I believe that, now that the factory is built, and the debt is handled (as we’ll see in a minute) the company will be able to get much higher margins. The management team has said that incremental operating margins going forward should be around 20 to 25%. I don’t really think that Mama Mancini’s will get to the 19% margins of Armanino but I think they can get higher than where they are today.

Now, to better illustrate that operating leverage thing that I just mentioned, I’m posting a chart where we can see the company’s costs as a % of revenue. The Costs-of Goods-Sold are fairly stable at around 70% while the SG&A (Sales, General & Administrative) has been decreasing as a % of revenue. As explained previously, unlike the COGS which are variable, most of the SG&A costs are fixed. If the company sells more meatballs, these won’t go up proportionally. In fact the management has commented that only 15% of the G&A costs are related to sales (thus variable). 

Mama Mancinis stock analysis Operating leverage

And what this should mean for us, investors, is that with increased sales, we should be seeing increased operating margins (and net margins). And this my friends, is good!

Balance Sheet

After years and years of wrong, egregiously expensive financing, the company is finally back on its feet. It has been paying down debt and today it’s debt is at a manageable level of $4,2M (vs a FCF of $2,8M) which I think will be fully paid in the next couple of years. 

After building out the factory, today most of the capital needs are related to working capital (mostly inventory) and they can self fund it through the cash generated by the business.

Management / Shareholders

Today Carl Wolf runs the company while Dan Mancini is just a spokesperson (he gets a small royalty on sales).

The management collectively owns more than 50% of the shares outstanding. Carl Wolf, the CEO and largest shareholder with 23% of the company, is an industry veteran. He had previously founded Alpine Lace Brands, a food cheese company, which he sold for $62M. He has also been a member of several boards of private and publicly traded companies. His son in law is the Chief-Operating-Officer and also owns 17,4% of the company. 

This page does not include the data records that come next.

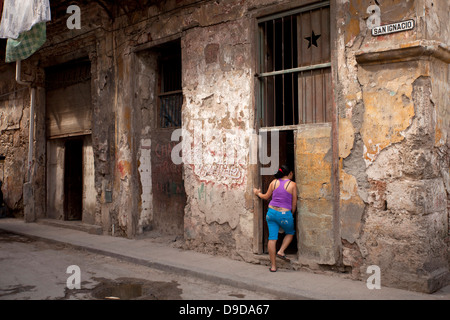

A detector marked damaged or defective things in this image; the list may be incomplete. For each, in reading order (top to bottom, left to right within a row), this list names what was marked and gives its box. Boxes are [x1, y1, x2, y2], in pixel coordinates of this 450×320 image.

peeling plaster wall [336, 0, 448, 292]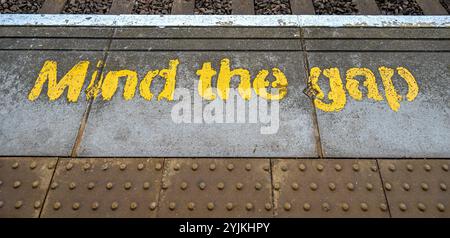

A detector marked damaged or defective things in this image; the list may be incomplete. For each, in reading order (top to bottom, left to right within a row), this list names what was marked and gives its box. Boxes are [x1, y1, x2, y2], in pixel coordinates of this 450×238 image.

brown rusty metal panel [0, 157, 58, 218]
brown rusty metal panel [40, 158, 163, 218]
brown rusty metal panel [156, 158, 272, 218]
brown rusty metal panel [272, 160, 388, 218]
brown rusty metal panel [380, 160, 450, 218]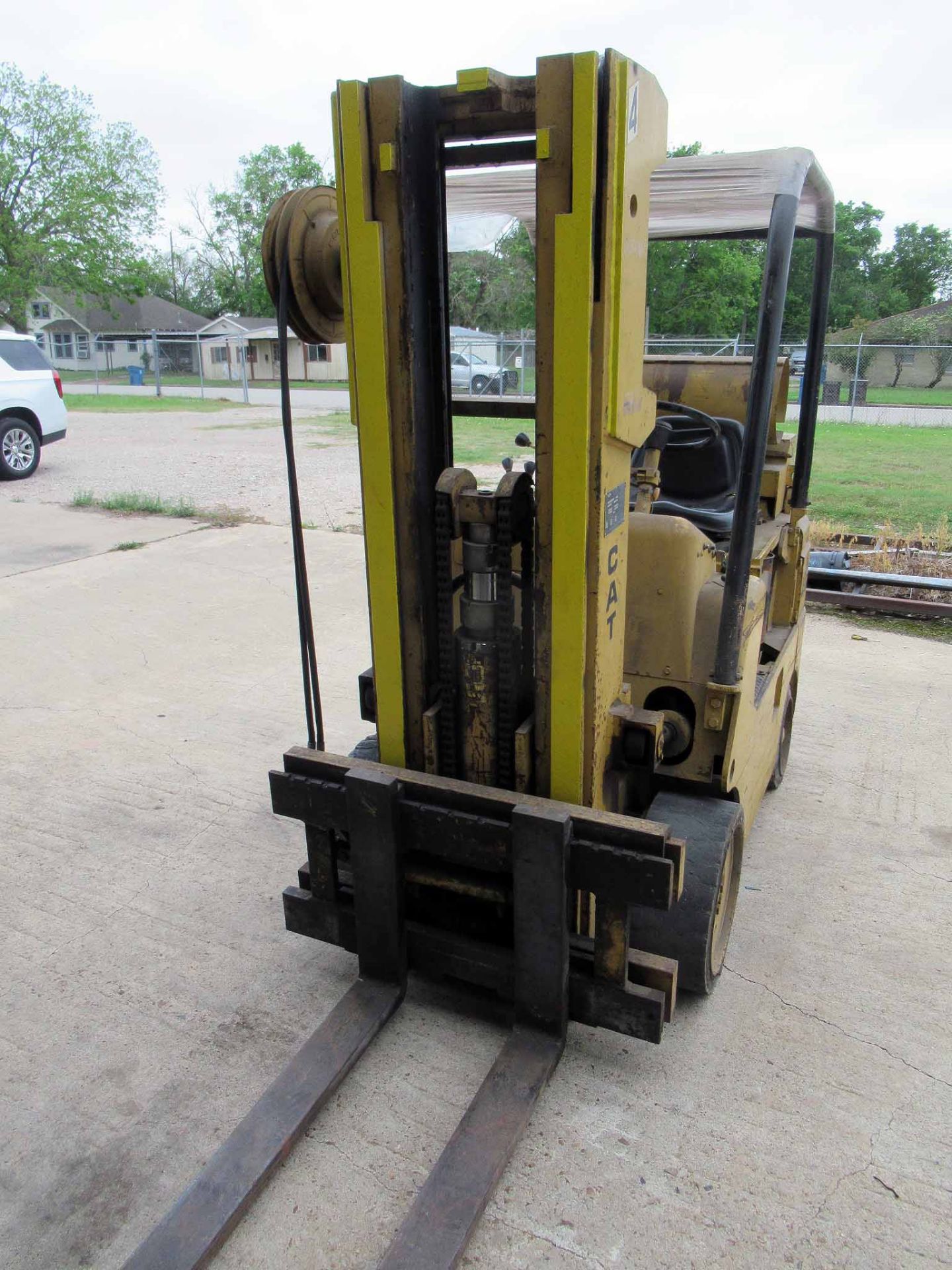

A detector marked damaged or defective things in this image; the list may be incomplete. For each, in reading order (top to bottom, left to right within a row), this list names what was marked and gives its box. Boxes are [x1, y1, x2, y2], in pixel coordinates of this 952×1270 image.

cracked concrete slab [0, 515, 949, 1270]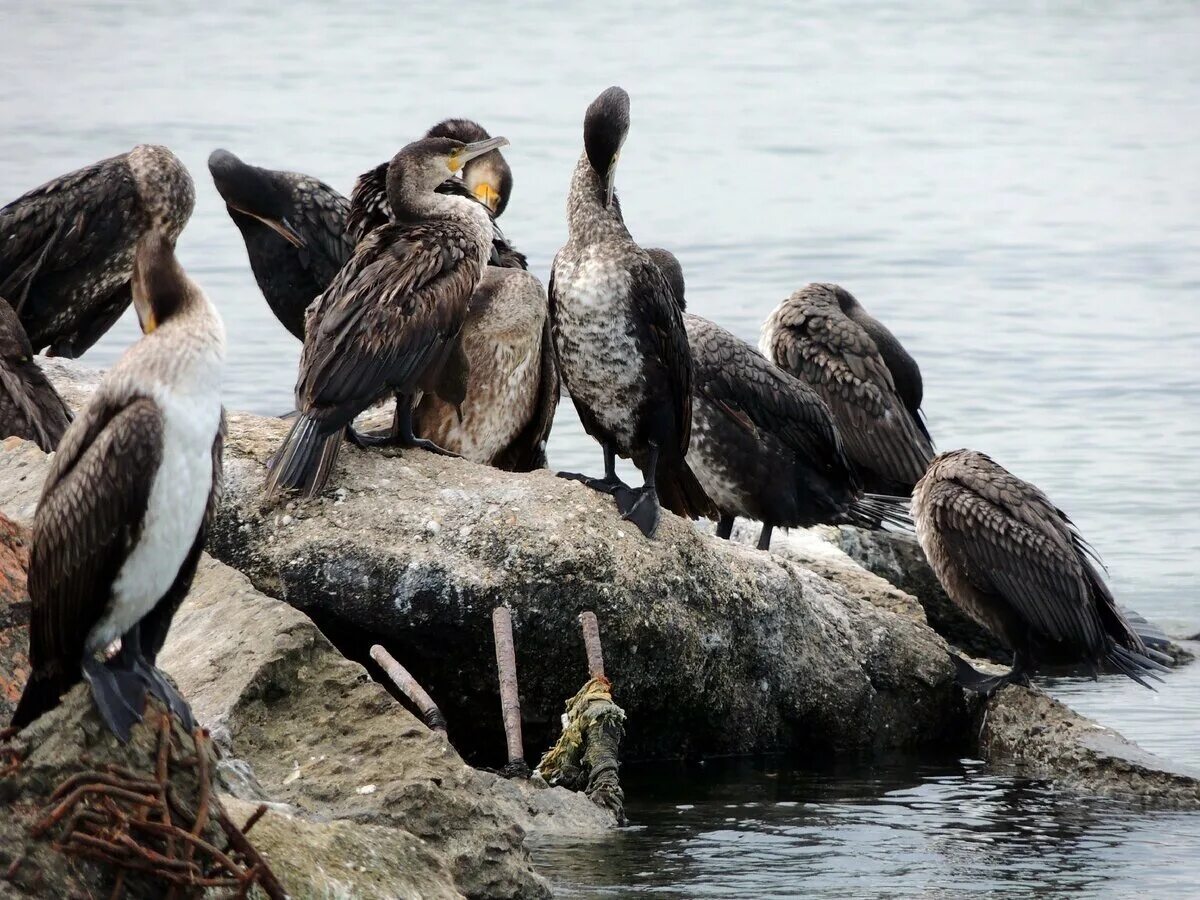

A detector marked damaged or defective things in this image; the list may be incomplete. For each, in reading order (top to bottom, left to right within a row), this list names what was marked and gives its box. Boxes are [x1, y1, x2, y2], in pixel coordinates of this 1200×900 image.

rusty metal rod [576, 612, 604, 676]
rusty metal rod [368, 648, 448, 732]
rusty metal rod [492, 608, 524, 768]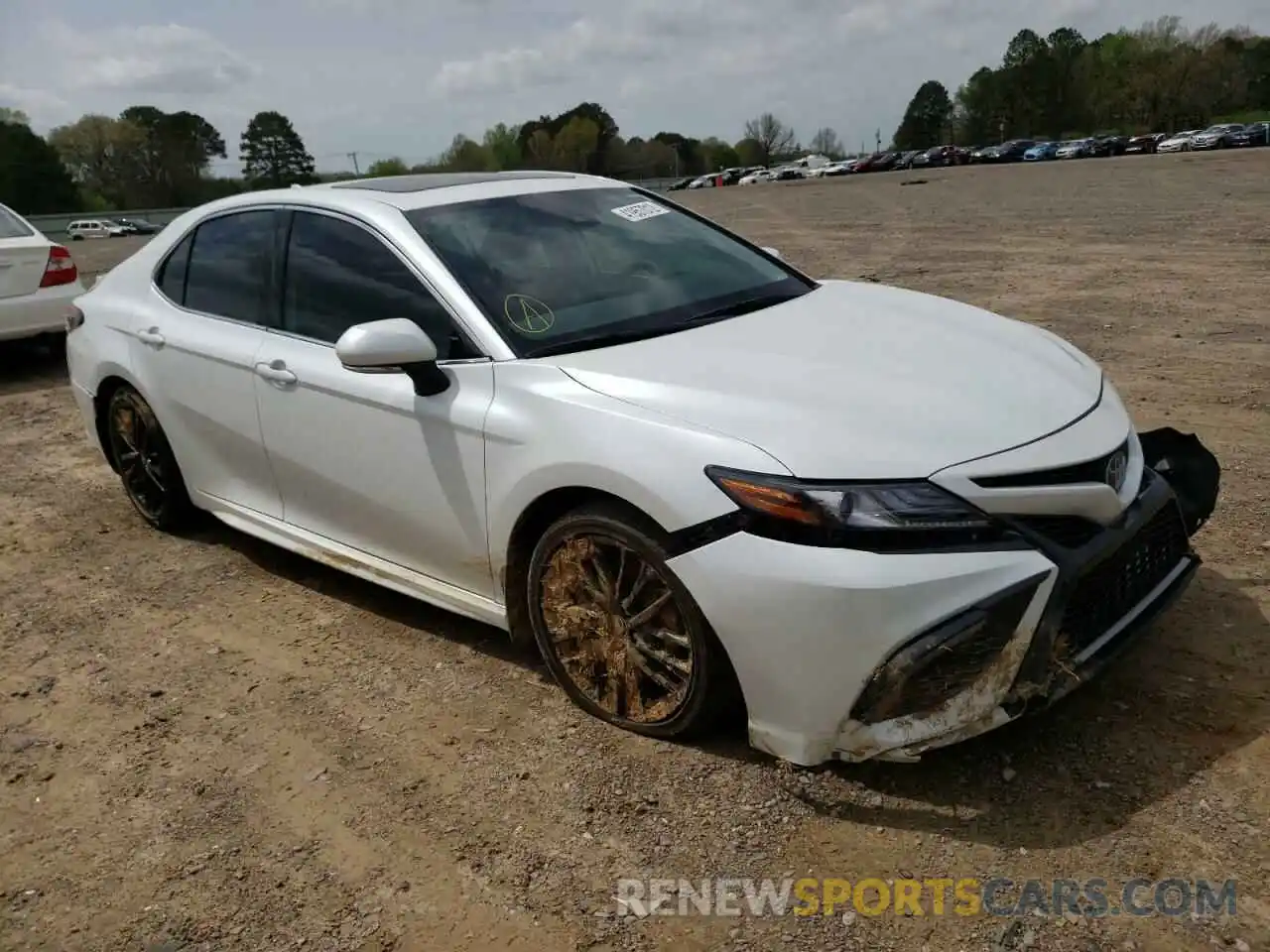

The compensation structure is very clear and simple. There are no bonuses or incentives. The CEO earns $190K, the COO $211K and the CFO $136K, all very modest salaries, even for a microcap. The CEO has also lended money to the company and still receives interest on that. 

Our fellow investor Connor Hailey, manager of Alta Fox Capital owns 5,58% of the business. In fact, it was from him that I got the idea. He too should be thanked for answering my questions and helping me in better understand the business.

Now, the bad thing here is that Carl is 76 years old and he’ll be on his way out soon. I’m not trying to be mean here. It’s just how things are. In fact, they have been looking for a company to buy them out, but with low success so far. 

 

Growth

There are several ways a company like Mama Mancini’s can grow. The first one is to grow the number of retailers, the second is growing the number of stores within each retailer, the third is to grow in existing stores via better product placement. 

The first one is the hardest. You know, getting a new account (marketing jargon for a new client) isn’t easy. Let me rephrase that. Getting a new account doesn’t happen overnight. You’ve got to go there and pitch the potential clients all the time. You first have to talk to the sales guys at a given retailer, make him taste your product (called sample) and then convince him to let you go one step up the ladder and sample the product with his superior and then again until you reach the decision makers. This sale cycle can take anywhere between 6 months to 2 years. After this process, they’ll give you Authorization, which means you’re on their list of suppliers. But from an authorization to a real order, many things can still go wrong. For instance, if the person in charge of buying gets replaced, this might all have been in vain (this has actually happened to Mama Mancini’s before). 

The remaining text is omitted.